Work instructions =>
A word-for-word copy of the entries is needed, and it should contain no images.

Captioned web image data
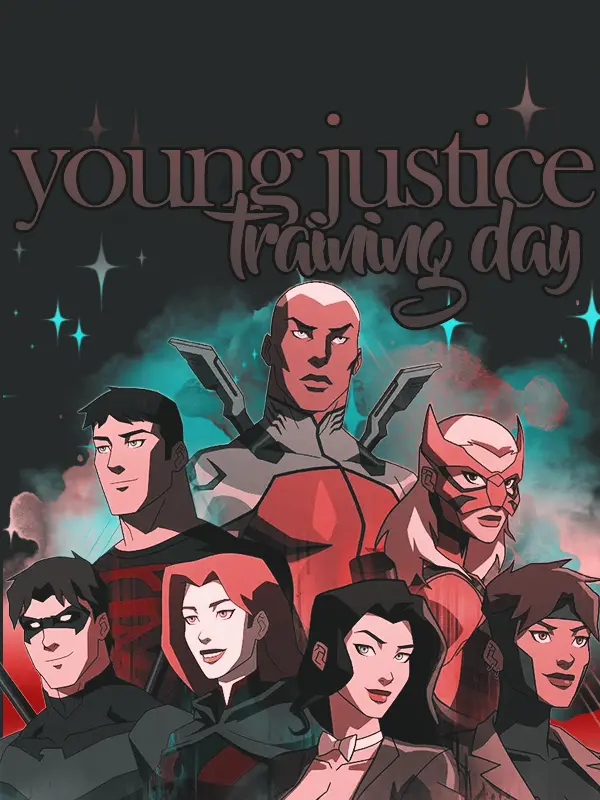 seorinmoon의 Young Justice - Training Day
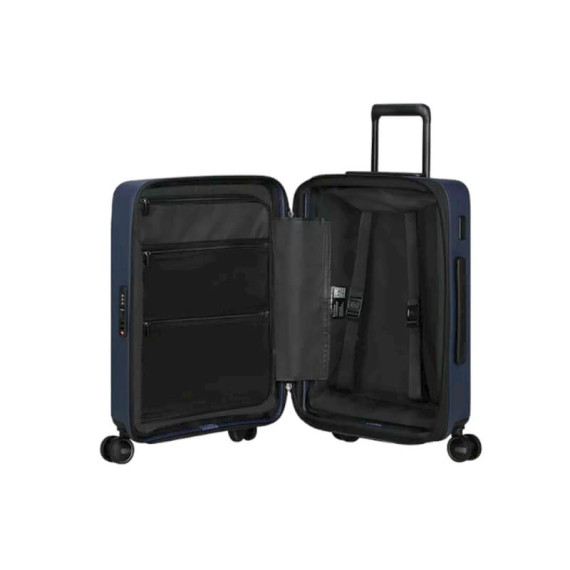 SAMSONITE Mala de Cabine / Trolley 55cm 4R Exp. Restackd Azul, Modelo: Cabine, Cor: Azul, 6 image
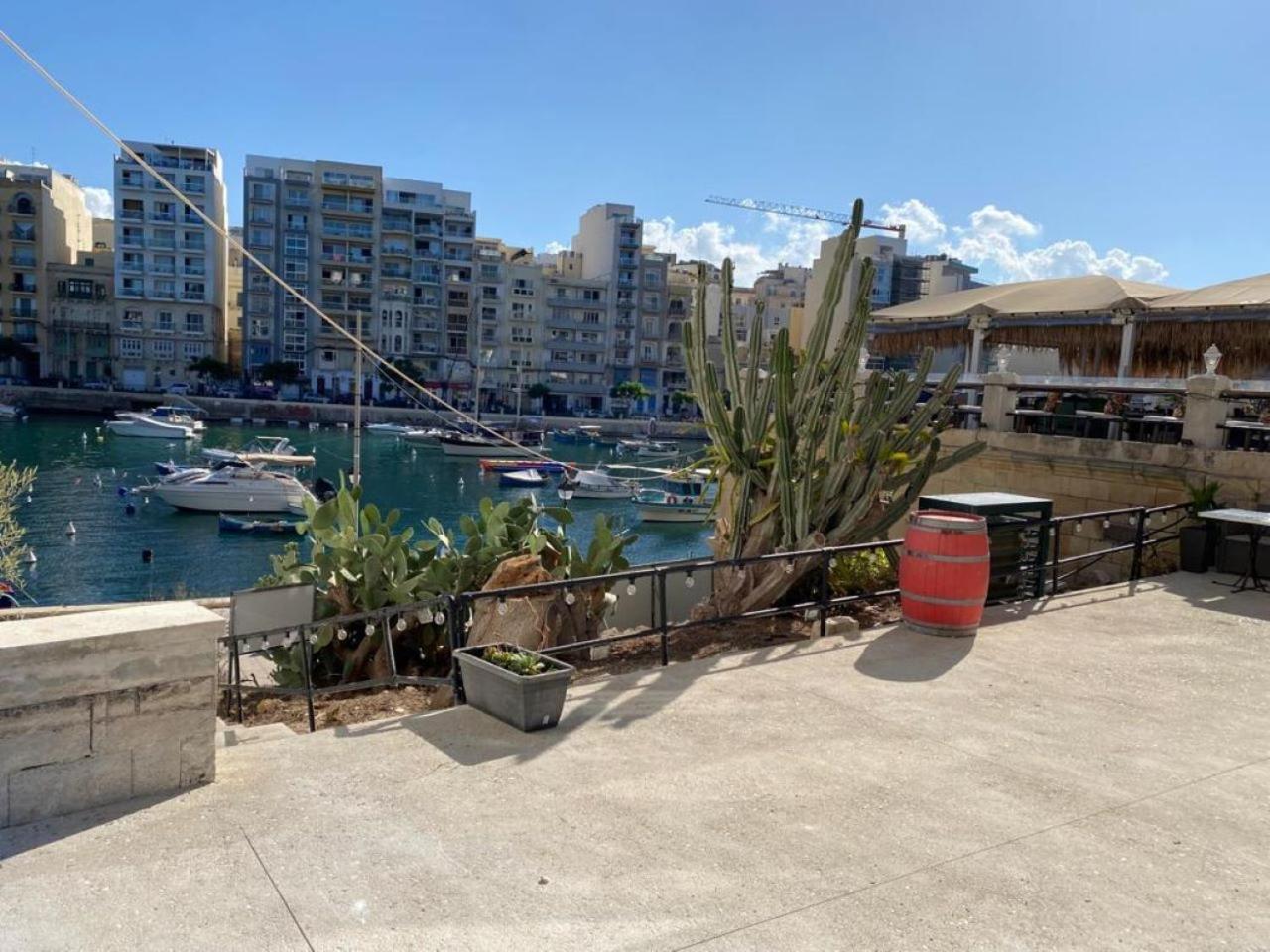 شقة 86 Spinola Bay سانت جوليان المظهر الخارجي الصورة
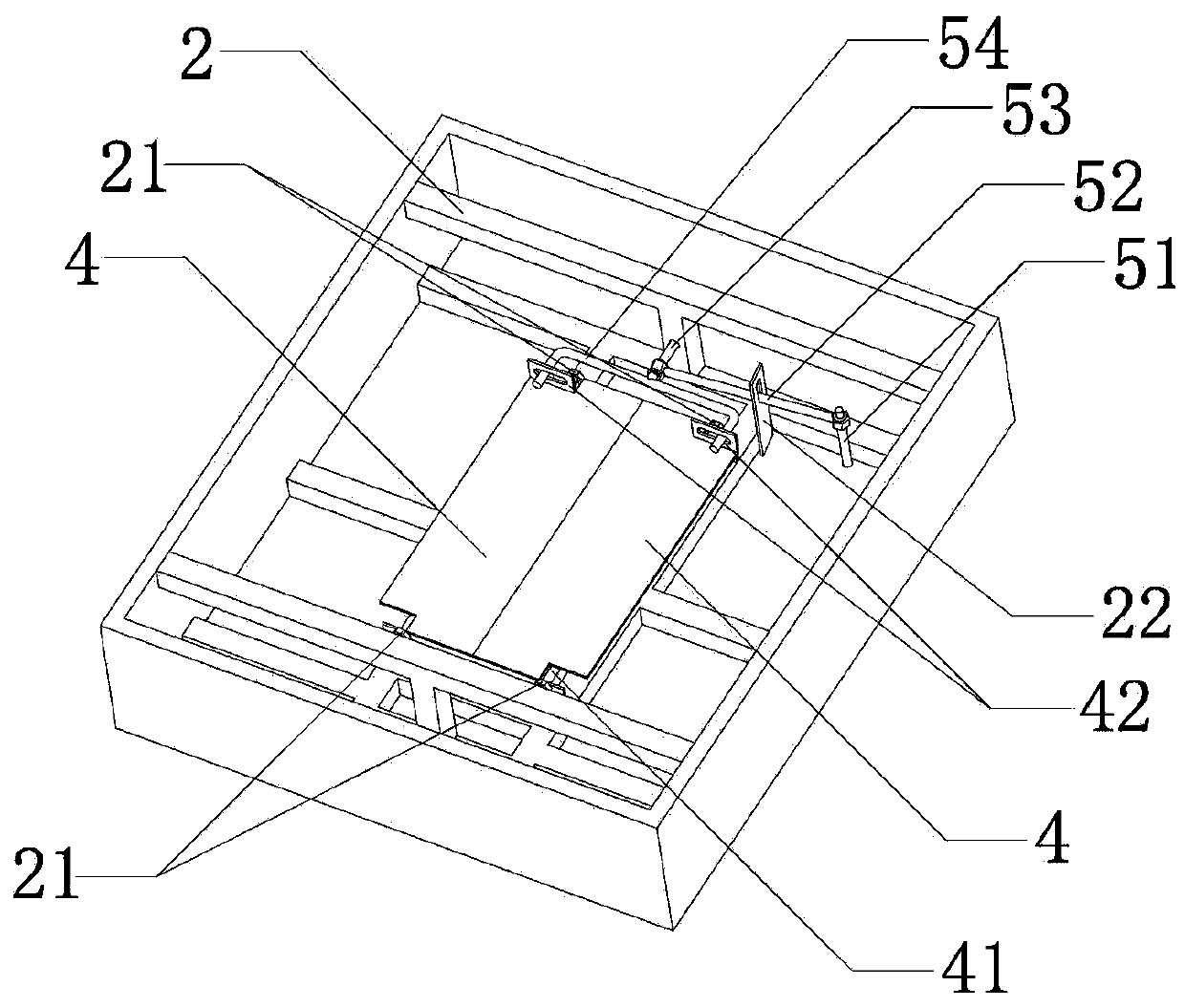 Rural dry pail latrine squatting pan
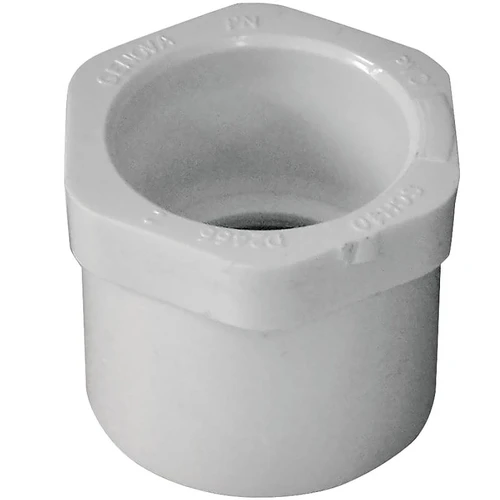 SCH 40- 1"- Bushing x 3/4"- Slip x Slip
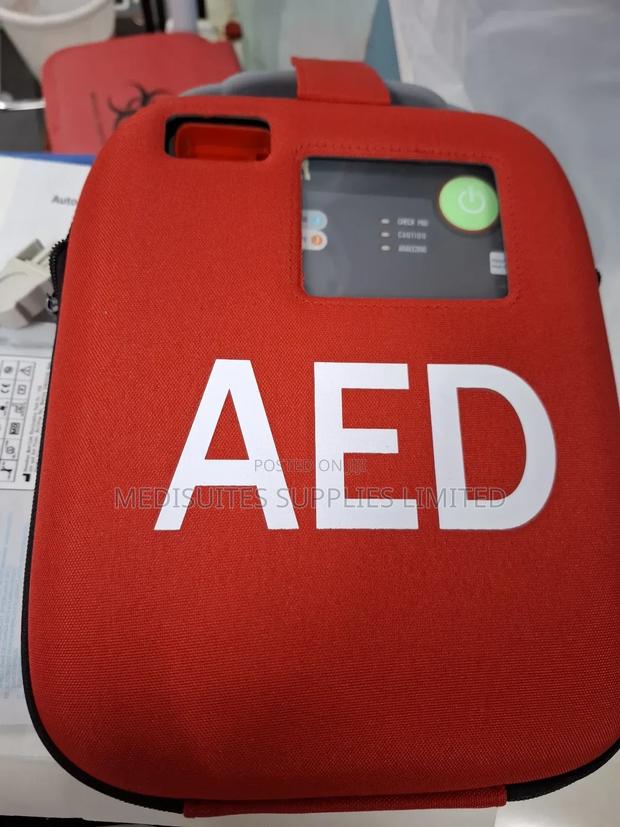 Automated External Defibrillator(AED) - thumbnail 2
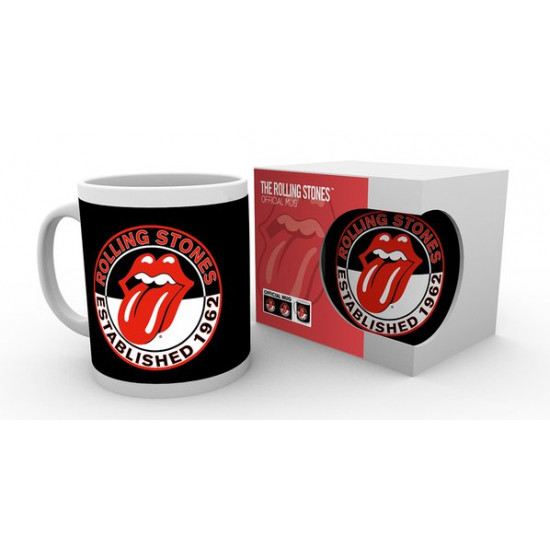 Hrnek Rolling Stones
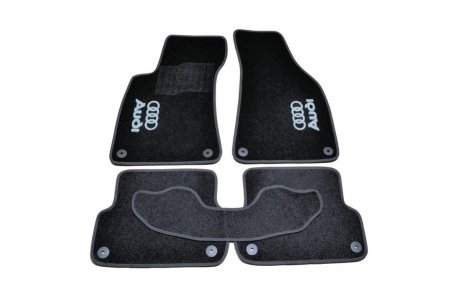 Коврики в салон Audi A4
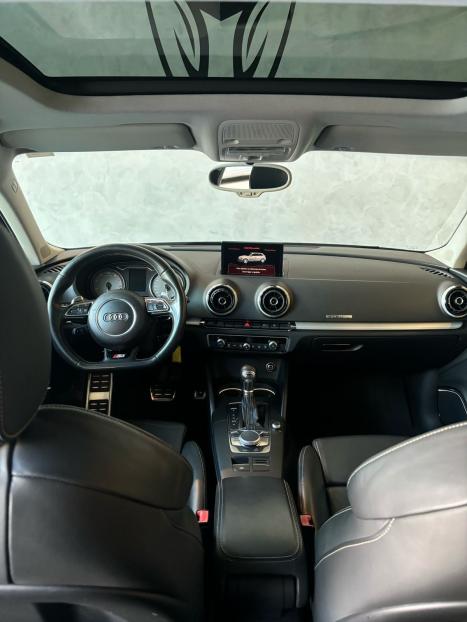 AUDI S3 2.0 4P TFSI SPORTBACK QUATTRO TURBO S-TRONIC AUTOMTICO, Foto 13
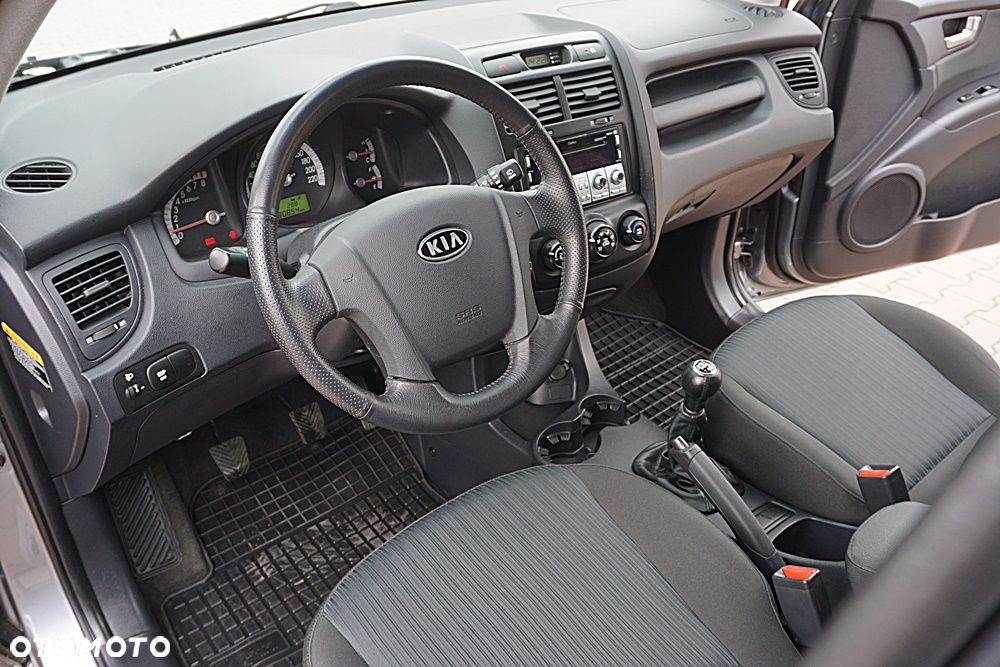 Kia Sportage - 20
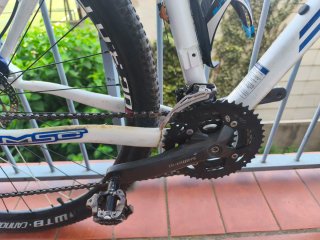 Bicicleta Montaña MSC WCR29er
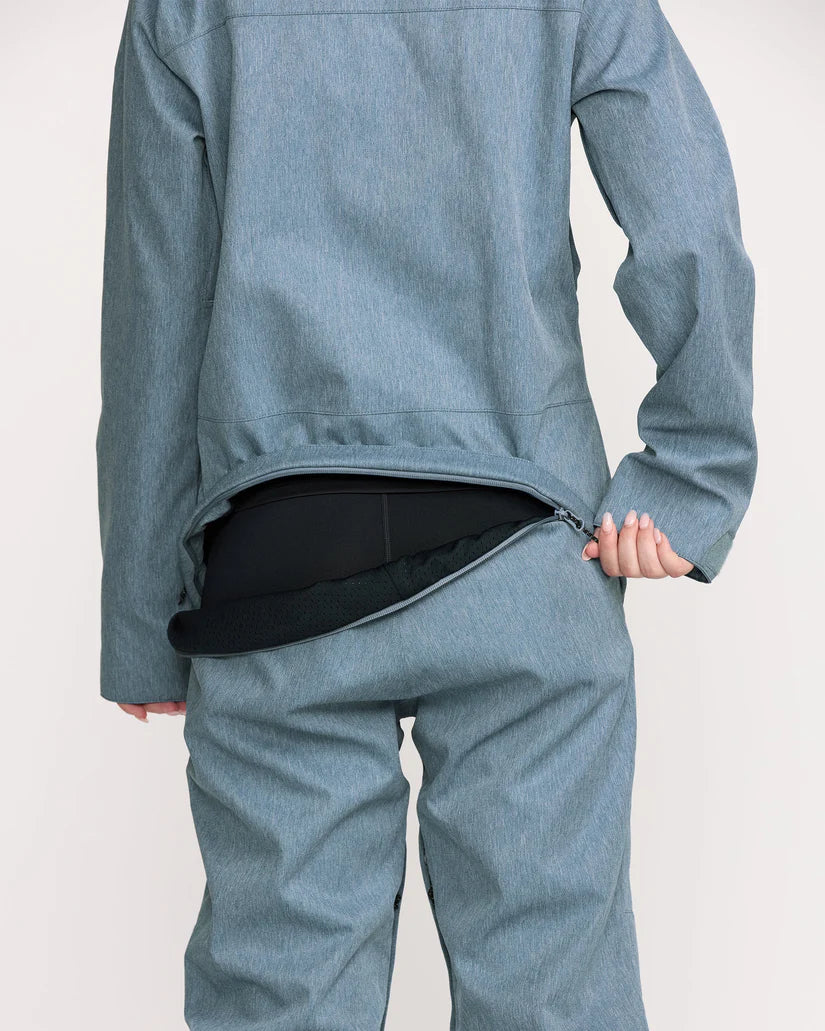 Volcom One Piece Shiloh Snow Suit - Femme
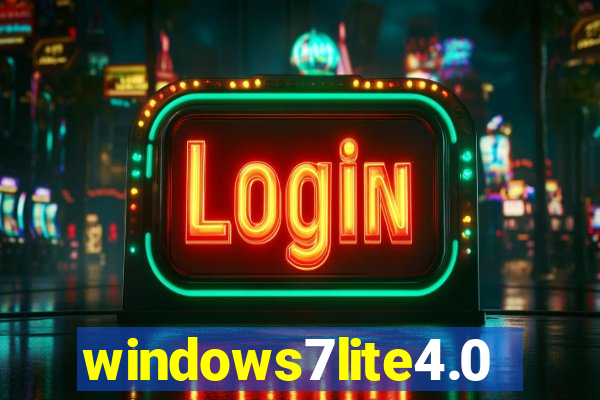 windows7lite4.0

Task response =>
 seorinmoon의 Young Justice - Training Day
 SAMSONITE Mala de Cabine / Trolley 55cm 4R Exp. Restackd Azul, Modelo: Cabine, Cor: Azul, 6 image
 شقة 86 Spinola Bay سانت جوليان المظهر الخارجي الصورة
 Rural dry pail latrine squatting pan
 SCH 40- 1"- Bushing x 3/4"- Slip x Slip
 Automated External Defibrillator(AED) - thumbnail 2
 Hrnek Rolling Stones
 Коврики в салон Audi A4
 AUDI S3 2.0 4P TFSI SPORTBACK QUATTRO TURBO S-TRONIC AUTOMTICO, Foto 13
 Kia Sportage - 20
 Bicicleta Montaña MSC WCR29er
 Volcom One Piece Shiloh Snow Suit - Femme
 windows7lite4.0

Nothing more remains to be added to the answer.